§ **Source records**
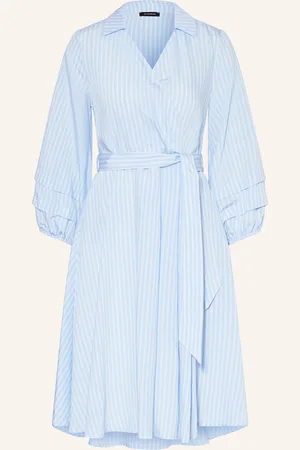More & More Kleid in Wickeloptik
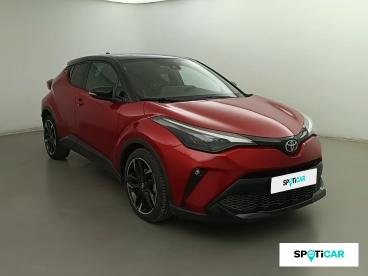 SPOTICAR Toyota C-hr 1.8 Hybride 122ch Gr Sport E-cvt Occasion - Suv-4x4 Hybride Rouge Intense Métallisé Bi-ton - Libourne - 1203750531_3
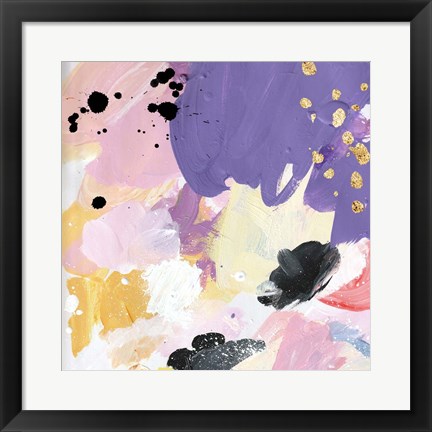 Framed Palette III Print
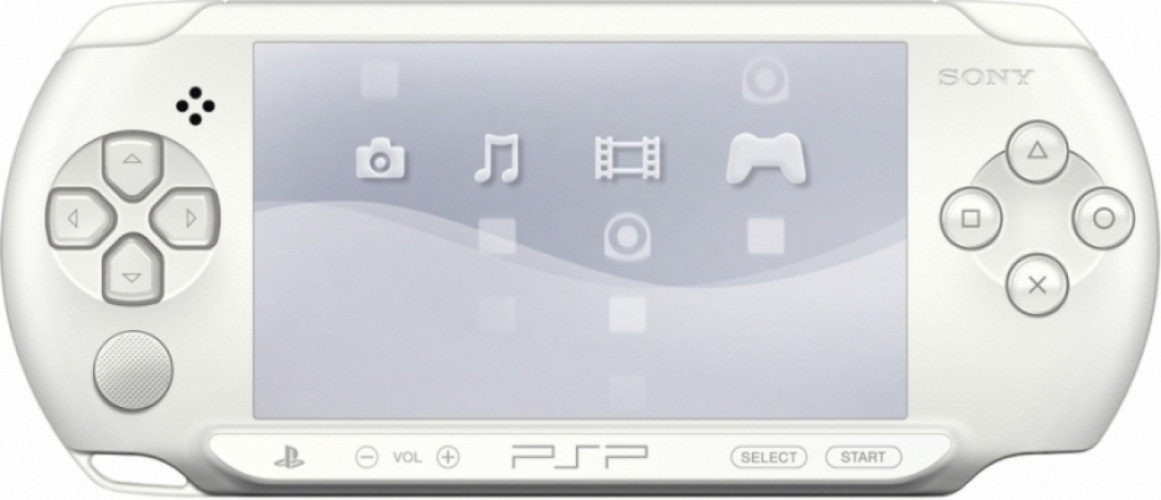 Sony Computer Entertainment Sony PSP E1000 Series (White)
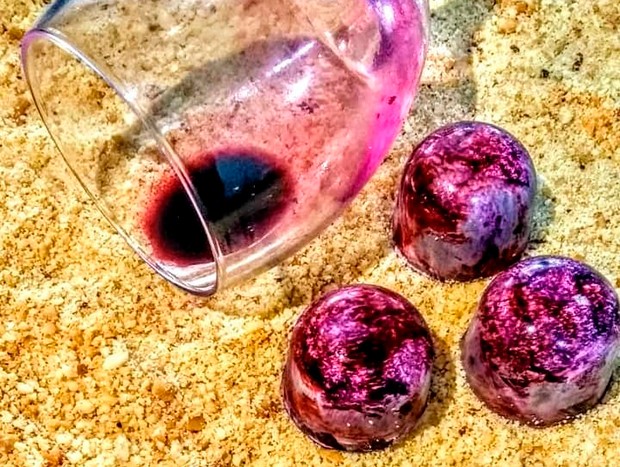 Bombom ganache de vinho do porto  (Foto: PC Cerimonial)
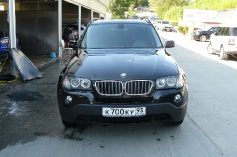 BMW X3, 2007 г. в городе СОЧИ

§ **Work item**
Please restate exactly the lines from the one containing "SPOTICAR Toyota C-hr" down to the end of the material, both ends kept, and do not include the pictures.

§ **Problem solution**
 SPOTICAR Toyota C-hr 1.8 Hybride 122ch Gr Sport E-cvt Occasion - Suv-4x4 Hybride Rouge Intense Métallisé Bi-ton - Libourne - 1203750531_3
 Framed Palette III Print
 Sony Computer Entertainment Sony PSP E1000 Series (White)
 Bombom ganache de vinho do porto  (Foto: PC Cerimonial)
 BMW X3, 2007 г. в городе СОЧИ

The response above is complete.